───── Source material
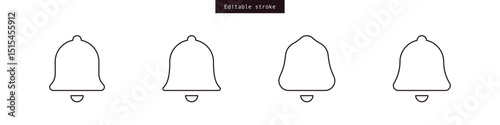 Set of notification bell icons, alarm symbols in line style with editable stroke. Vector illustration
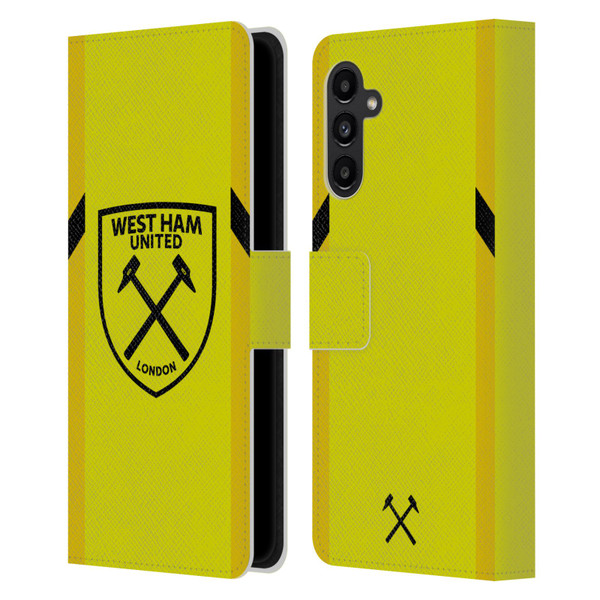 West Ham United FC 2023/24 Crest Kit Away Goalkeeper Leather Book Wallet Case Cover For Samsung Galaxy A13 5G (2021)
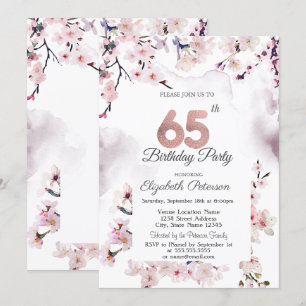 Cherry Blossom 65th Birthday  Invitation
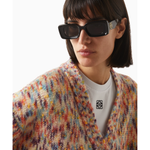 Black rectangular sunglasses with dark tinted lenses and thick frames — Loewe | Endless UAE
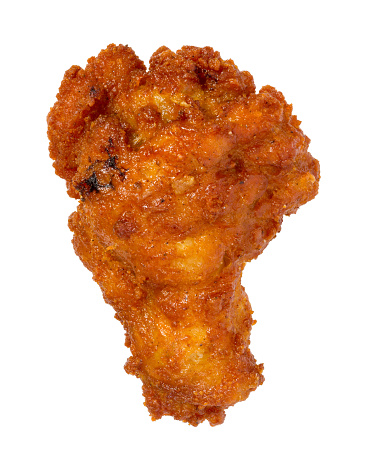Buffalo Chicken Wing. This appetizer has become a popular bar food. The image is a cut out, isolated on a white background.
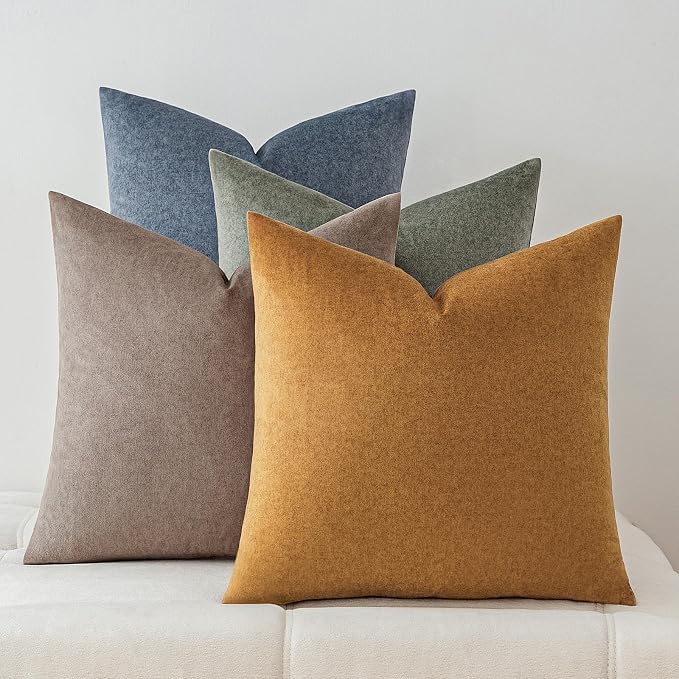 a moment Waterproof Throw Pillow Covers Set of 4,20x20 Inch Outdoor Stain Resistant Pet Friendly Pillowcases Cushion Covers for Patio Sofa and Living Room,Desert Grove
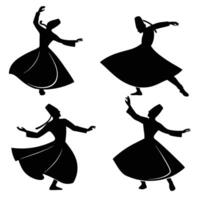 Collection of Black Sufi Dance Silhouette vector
──────────
───── Source material
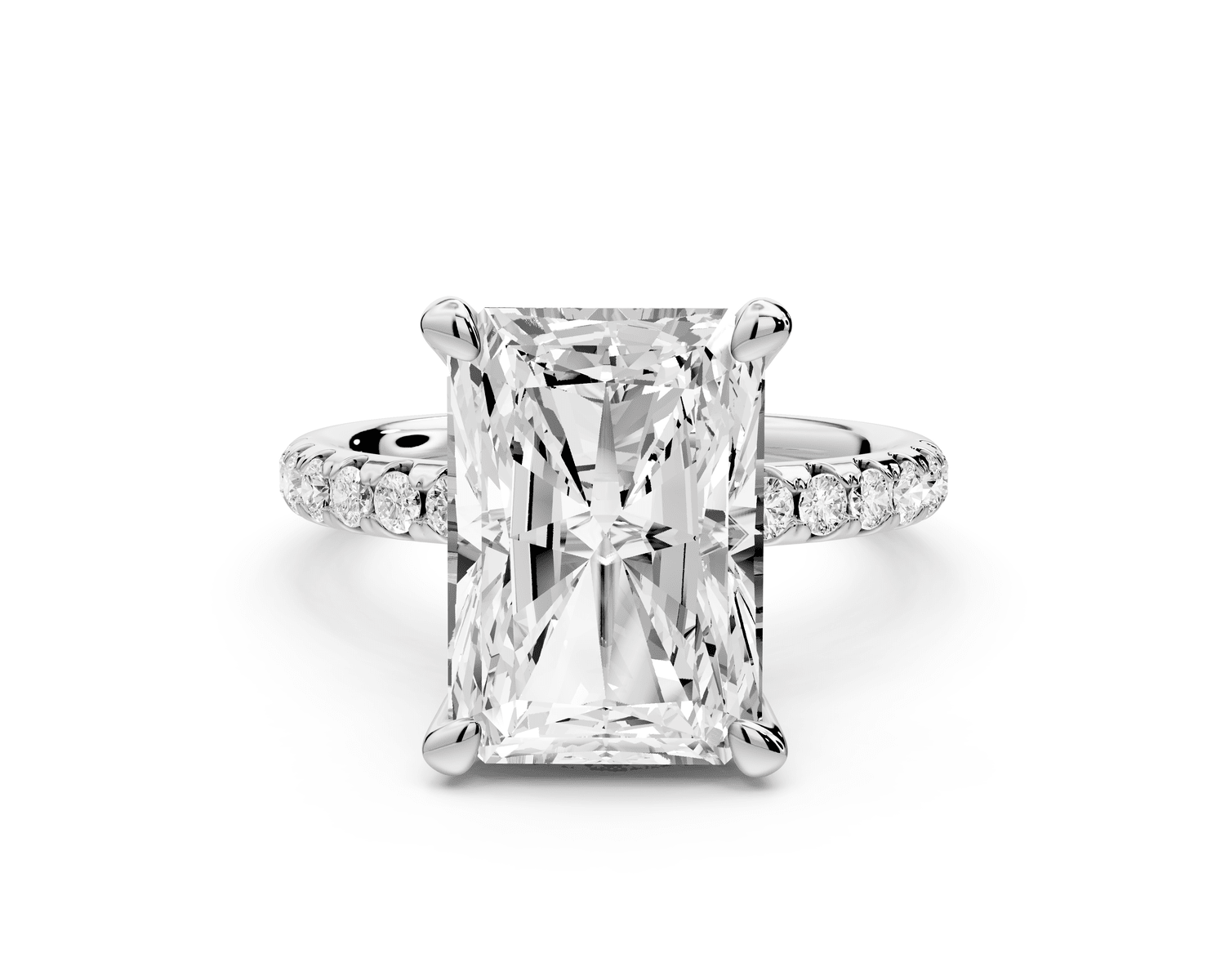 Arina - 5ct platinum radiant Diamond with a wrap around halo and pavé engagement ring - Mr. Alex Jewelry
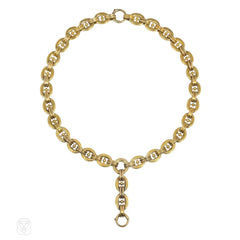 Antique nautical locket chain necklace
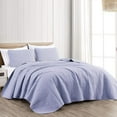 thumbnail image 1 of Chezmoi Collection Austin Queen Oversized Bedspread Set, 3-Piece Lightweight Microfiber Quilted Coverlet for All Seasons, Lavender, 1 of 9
──────────
Exercise description
Above, find the line with "Set of notification"; copy it and every line down to the line with "Collection of Black", exactly and both included, but no pictures.

Answer to the problem
 Set of notification bell icons, alarm symbols in line style with editable stroke. Vector illustration
 West Ham United FC 2023/24 Crest Kit Away Goalkeeper Leather Book Wallet Case Cover For Samsung Galaxy A13 5G (2021)
 Cherry Blossom 65th Birthday  Invitation
 Black rectangular sunglasses with dark tinted lenses and thick frames — Loewe | Endless UAE
Buffalo Chicken Wing. This appetizer has become a popular bar food. The image is a cut out, isolated on a white background.
 a moment Waterproof Throw Pillow Covers Set of 4,20x20 Inch Outdoor Stain Resistant Pet Friendly Pillowcases Cushion Covers for Patio Sofa and Living Room,Desert Grove
 Collection of Black Sufi Dance Silhouette vector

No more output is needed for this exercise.